Catherine Beaudoin
Environmental Art
Media Remix Project
July 2019
Response to Creation
Original Image:
National Geographic Traveler, October/November 2018, page unspecified.
Remix Collage
The original image I was presented with is an areal photo of a main walkway in the Chilean capital, Santiago. The mural itself titled "Paseo Bandera," or "Walking Flag" in English, permits pedestrians to utilize the street for congregation and movement within the heart of the city.
When given the task to remix this image, I was intrigued by the fluidity of the mural within the linear confines of the street. Expanding this concept into the natural world, I started exploring movement in nature and humankind's struggle for order.
My background utilizes the quadrilateral shape of the street in Santiago within my three other found images. In each selected piece, I was looking for juxtaposition of curved and irregular lines, shapes, and forms in contrast to more linear and geometric elements. In the far left, curving branches are woven by machine, line after line, to create the fabric. Moving to the right of the image, not only is the text written in a linear fashion with straight and curved lines for letters, but the text itself discusses the environment, bio-technical advancements, capitalism, and government. These paragraphs debate and inquire about both the natural world and human constructs. The far right component of the background continues this, exemplifying the linearity of human creation and manipulation of the natural world within the symbol of a wooden ladder resting against a tailored green space.
Congregations of people along the beach group and wiggle like an ameba on the bottom left. The rigidity of the line I created through their space creates a false sense of order within their formation, just as the street in Santiago does above.

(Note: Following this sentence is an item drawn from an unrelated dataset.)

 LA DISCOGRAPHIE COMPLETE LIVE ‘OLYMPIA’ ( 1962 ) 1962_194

I layered a small slice of another mural in a public space in France in the bottom left. This juxtaposes with the street in Santiago, as the color is now on top of the people and is completely in order in color, shape, and composition.

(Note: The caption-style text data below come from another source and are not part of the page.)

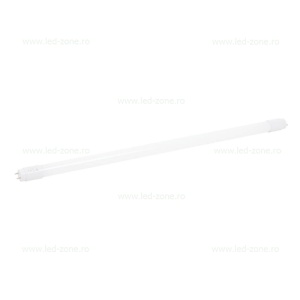 Tub LED T8 Mat 14W 90cm 360 Grade Sticla  - Img 3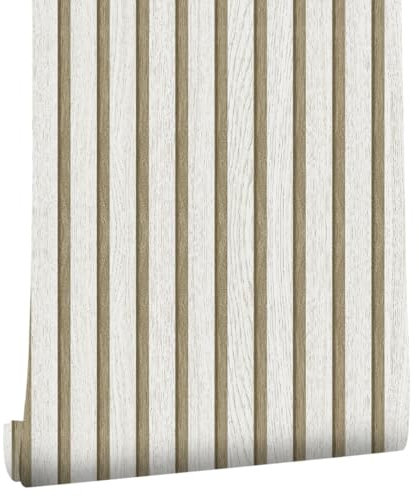 myforHD Papel Pintado Autoadhesivo Madera Vinilo Adhesivo Muebles Impermeable Removible Decoración de Paredes en Baño, Sala de Estar, Dormitorio, y Muebles de Cocina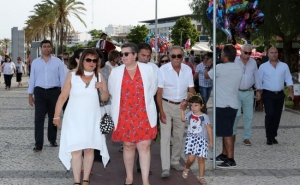 Festival da Sardinha abre portas com enchente 20.000 pessoas vibraram à beira-rio ao som de Matias Damásio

I pulled this concept into my middle and foreground to draw upon man's manipulation of the natural world. Produce hangs from a tree-like shape created by a topographic map. Within the map, we see straight roads and purple patches indicating human-made alterations to the terrain since the map was printed only a few decades before.
The produce on the tree also indicates human intervention, as the naturalistic fruit varies drastically from the corn comprised of various pills for kernels.
My work reflects human ingenuity and the strive for control, uniformity, and perfection in the context of movement and progression.